Flink source functions introduce Watermarks and these are flown down to downstream operators, based on which different time based things can execute. For operators consuming multiple streams, the minimum on incoming watermarks is considered as operator's watermark at the moment.

keyBy splits the source stream into multiple logical streams which are then passed down to downstream operators(Eg. Process function).

Eg.

driversStream.keyBy(driver => driver.Id).process(new ProcessDriversFunction)

class ProcessDriversFunction extends ..... {
   override def processElement(record Driver, ctx Context, out Collector) {
      // Register an event timer to fire after 5 seconds
      ctx.timerService().registerEventTimeTimer(record.timestamp+5)
   }
}

Let's say there are 4 subtasks of Process function(eg. P1, P2, P3, P4) and there are 100 key groups(let's say, KG1, KG2....KG100) with each subtask processing 25 key groups ie. P1 processing KG1 to KG25, P2 processing KG26 to KG50 and so on.
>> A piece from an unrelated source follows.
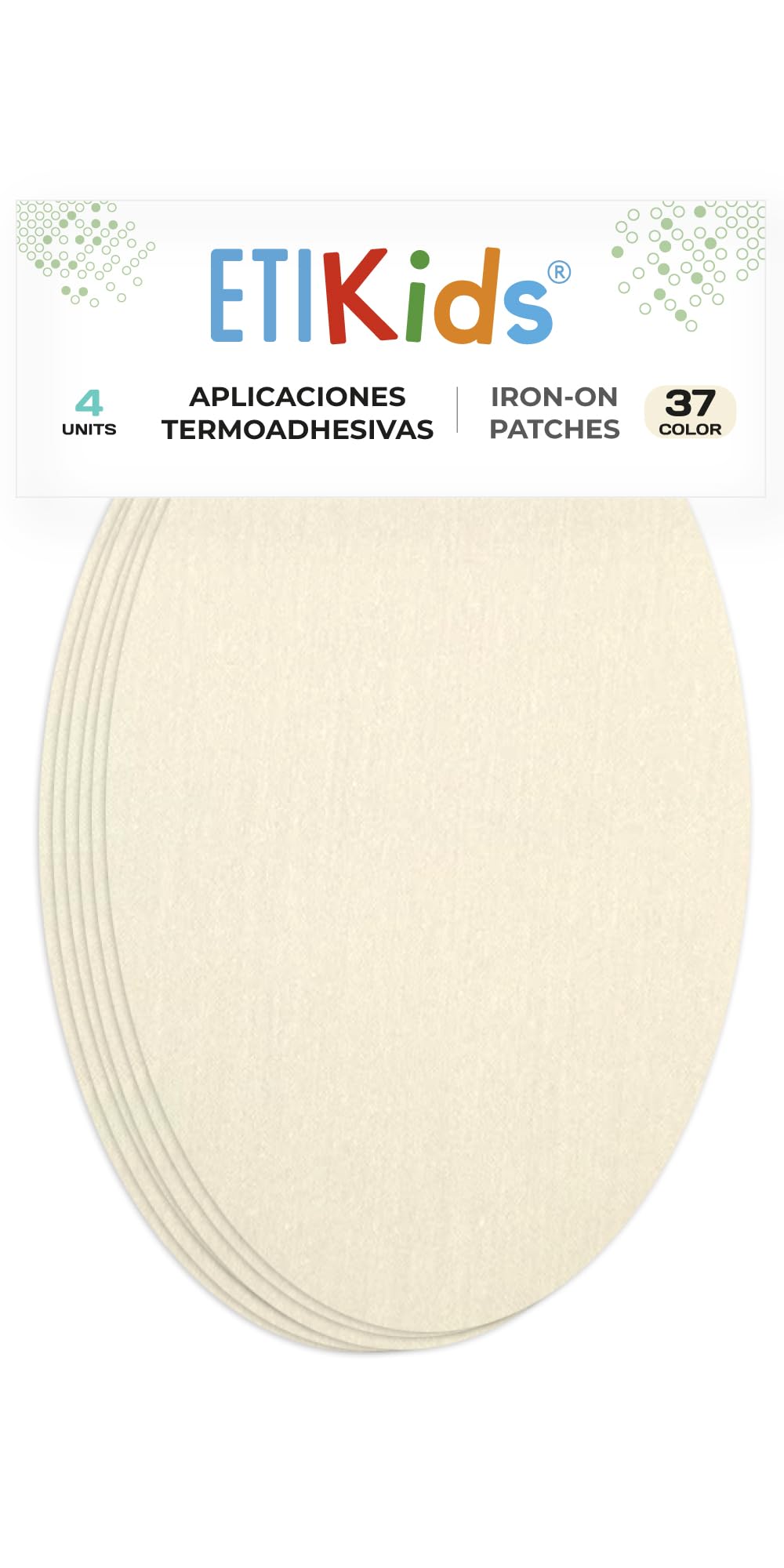 4 Natural White Iron-On Fabric Repair Patches – Knee & Elbow Patches for Clothes, Trousers, Jackets, Sweaters & Shirts, 16 x 10 cm — image 1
If there are no elements in DriverStream from 5pm, none of P1,P2,P3,P4 gets a watermark later than 5pm and hence no timers will fire after 5pm.

Let's say, at 5pm, driver stream starts getting records such that all of them map to 1 key group ie. KG1 and hence being processed by 1 subtask of Process function(ie. P1).
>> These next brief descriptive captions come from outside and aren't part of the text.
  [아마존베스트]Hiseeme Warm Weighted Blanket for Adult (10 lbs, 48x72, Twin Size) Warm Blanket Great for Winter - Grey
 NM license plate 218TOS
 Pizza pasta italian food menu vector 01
  • Does the event time progress on P2, P3, P4 as they are not receiving any records.
  • On P1, timers registered via elements of KG1 will be fired. But do the timers registered for KG2 to KG25 on P1 gets fired as they are not receiving any elements in P1.
1

1 Answers

0
votes

Does the event time progress on P2, P3, P4 as they are not receiving any records.

That depends on whether there are idle instances of the source function, and whether or not withIdleness() is used with the watermark strategy. If all instances of the source function are handling records from KG1, or if withIdleness() is used, then the watermark will advance on P2, P3, and P4.

... do the timers registered for KG2 to KG25 on P1 get fired ... ?

Yes they do. The currentWatermark is applied throughout a given subtask, regardless of keys or key groups.